On the surface, local bachelor Ethan Richards may seem like a run-of-the-mill straight guy, thanks to his love of football and video games, and his questionable past with a fraternity affiliation. But at his core, Richards is a champion of LGBTQ+ rights and has moved mountains for the community through his brave actions.
Richards, who has been unattached for most of his adult life, plays the field liberally and hooks up with different people on a regular basis. But he does put one important limitation on his own sexual satisfaction. Richards only achieves orgasm when he’s positive that the other person involved knows their basic Hollywood lineage. Specifically, they must be aware of a genealogical fact that is patently obvious to many members of the queer community.
“In order for me to climax, I have to know that the other person knows Liza Minelli is Judy Garland’s daughter.”
Said Richards’ childhood friend Chase, “Ethan has really gone above and beyond for the cause, and his service has not gone unnoticed. When I came out to Ethan in ninth grade, his support for me never faltered, not once.” Chase is not surprised, therefore, to hear how Ethan goes out of his way to make sure the people he’s hooking up with are strong allies as well.
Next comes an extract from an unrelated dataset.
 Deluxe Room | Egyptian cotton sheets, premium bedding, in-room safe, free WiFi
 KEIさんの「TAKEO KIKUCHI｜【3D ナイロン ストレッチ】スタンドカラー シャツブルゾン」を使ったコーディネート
Always eager to engage in fun, healthy, consensual sex, when Richards is hooking up with somebody, he maintains constant verbal communication. He makes a habit of asking his partners “Is this okay?” at regular intervals and only moves forward if he receives an enthusiastic affirmative response. Then, in the heat of the moment, he culminates each experience by popping the question: “Who is Liza Minelli’s mom?”
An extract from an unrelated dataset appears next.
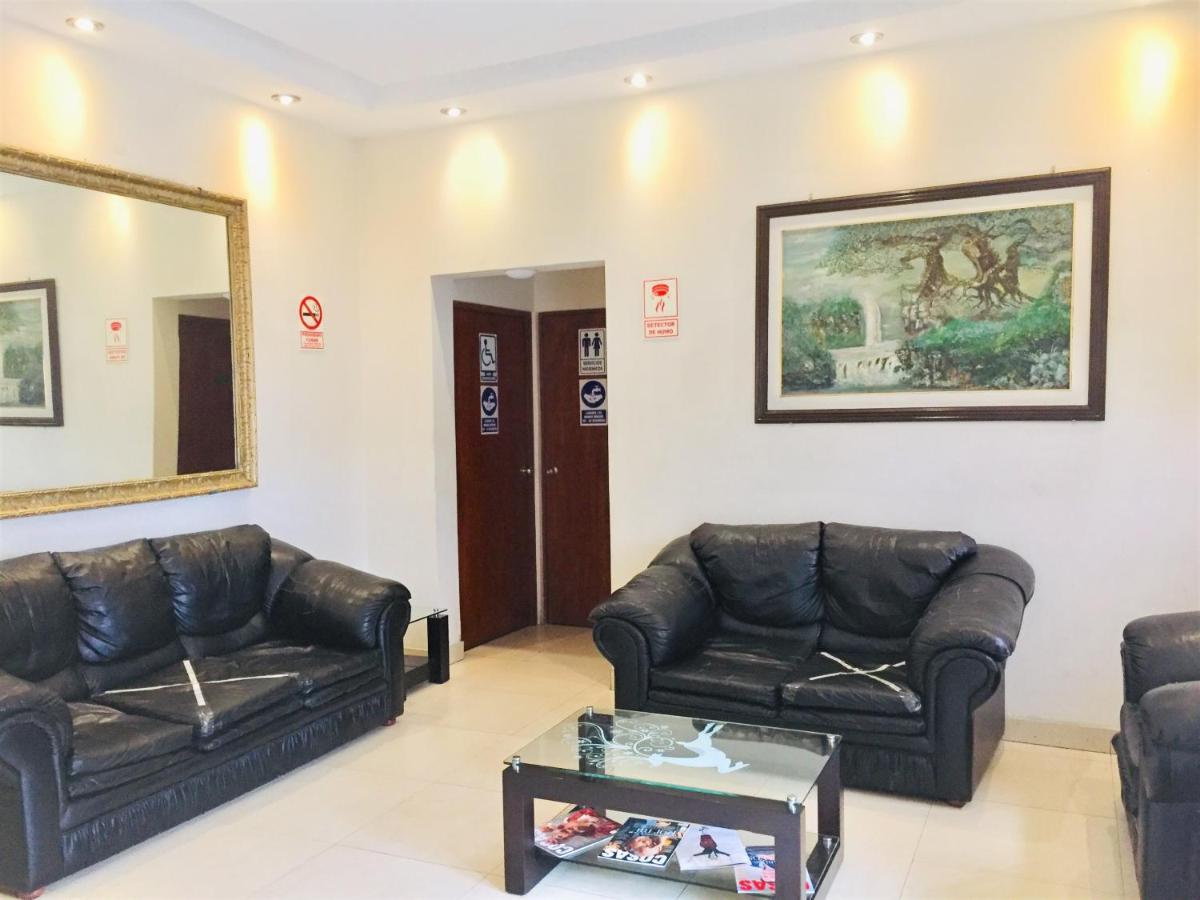 Hostal Carlos Tenaud Lima Exterior foto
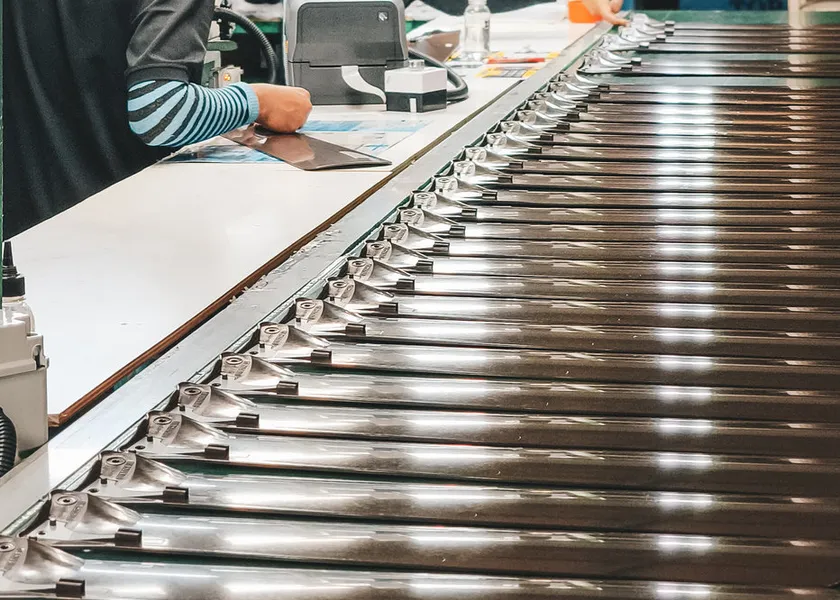 Conveyor line with finished parts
“I try to keep it hot by whispering in their ear, but yeah, I just straight up ask them without any context. Most people don’t mind the little pop quiz, because the factoid is super common knowledge. At least, it should be,” said Richards.
Though Richards hasn’t kept a log of people’s responses, he estimates that about 95% of his sexual encounters have been able to proceed as normal, because the women involved knew who Liza Minelli’s mom was. Good for them!
Richards recalls one particularly disturbing occasion, however, where it became evident that not only did the woman not know the answer, but once she was told the correct response was “Judy Garland,” her eyes did not indicate an ounce of recognition. Ethan concludes that she altogether didn’t know who Judy Garland was. In that moment, he felt hurt and confused. At the same time, he knew that moments like this were precisely why he had this question on hand as a precaution.
“I thanked her for a nice evening, but asked her to leave right away.” Ever the gentleman, Richards paid for her Lyft home, even though he wanted nothing to do with her from that point on.
“I’m not a hero,” insists Richards. “In the grand scheme of things, a lot of things in life are more important than sex.” Richards knows where his priorities lie, and for Richard, his priorities include that single piece of trivia—and, by association, his alliance with the entire queer community.